A further codicil to this story: after you contacted Penelope and Angus McNeilly with the news about Astrid (and told them that they were at liberty to do with it what they would), I have been reliably informed that they immediately made contact with Mr Wolf (he being the one person whose reputation might, quite reasonably, have been perceived as being the most damaged by Astrid’s deception) and duly apologized to him on Astrid’s behalf. He subsequently insisted — being ever the gentleman — that the matter should remain strictly under wraps. He was much less concerned about his own social standing, it seems, than for Astrid’s long-term mental and physical well-being, especially in the light of her mother’s tragic death from cervical cancer at the start of the New Year.
(I don’t know why, but I have a nagging feeling that this won’t — by any stretch of the imagination — be the last we hear of this particular story, more’s the pity…)
But let’s get back to the real gist of the matter, now, shall we?
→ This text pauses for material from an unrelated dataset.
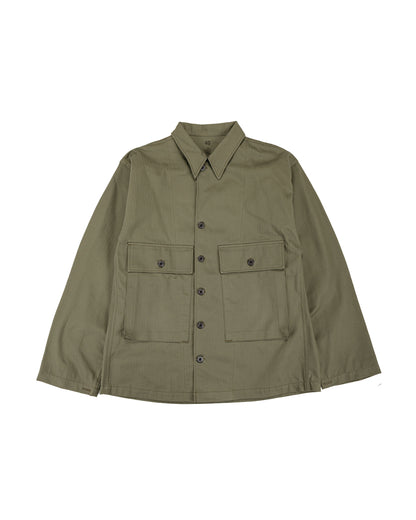 lost & found The Real McCoy's The Real McCoy's MJ22013 U.S.N. Jackets Herringbone Twill Olive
Like I said before, there were many things I learned from my perusal of those twenty-six letters, Inspector (many things — enough to fill several notebooks, in fact), yet the piece of correspondence that drew me the most (the one that my eye kept on returning to, come what may), was the letter to Miss Squire (Miss Courtney Squire, ‘personal assistant’ to Mr Gerald Booth), from Mrs Brenda Goff (of Buckden House).
I have known Mrs Goff for many years, and she has never particularly struck me as the most forthcoming of women (it’s sometimes as much as I can do to elicit a grudging ‘Good morning’ out of her!), and yet here she was, the busy proprietress of an extremely successful bed and breakfast, committing the time and the effort to writing a letter (ten pages in length!) to someone she’d actually never met — someone with whom she’d previously enjoyed only the most rudimentary of telephone conversations.
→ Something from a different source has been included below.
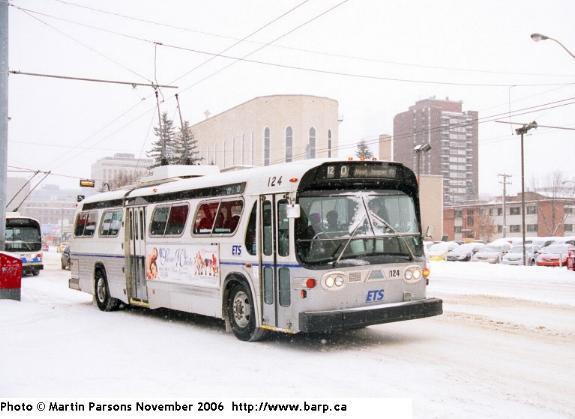 Obus 124 im November 2006, Foto: Martin Parsons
This Miss Squire certainly must have a very successful and dynamic cold-calling technique, I mused, since not only had she clearly impressed Mrs Goff during this short, introductory chat of hers (to the extent that Mrs Goff was willing to offer her reduced rates on two rooms at hardly any notice), but she’d had what sounded like a similar kind of impact on Wincey at The Old Oak — and who can guess how many others in the local vicinity?
During her letter, Mrs Goff mentions, in passing, that Wincey had been told that Mr Booth (‘a practitioner of the Esoteric Sciences’) was ’the by-product of a secret tryst between a prominent individual from the Salvation Army dynasty and one of the legendary Trebors…’
Well, I don’t think it takes too much of a stretch of the imagination to work out which prominent individual from the Sally Army we are automatically meant to think of here: there surely can’t be many individuals more prominent than the Salvation Army’s founder: Sir William Booth, himself (the clue is in the name, I suppose). Although the connection’s never made completely explicit (how could it have been? As an illegitimate son, Mr Booth’s theoretical ancestor would have had no right to claim membership of the family).
But how about the Trebors? A little harder to pin down. I did some research on the internet and found myself unable to find out anything about this ‘legendary’ clan — to the extent that I have now begun to have serious doubts as to whether they even really exist (might Trebor not just be the name of the sweet company itself? Also, quite coincidentally, the name Robert, back to front?).
What I do know is that the company was formed in 1907, that the famous Trebor Extra Strong Mint was launched in 1935, that shortly afterwards they merged with Bassett’s (the Liquorice Allsorts people, formed by George Bassett in 1842) and then still later on with Cadbury’s Schweppes.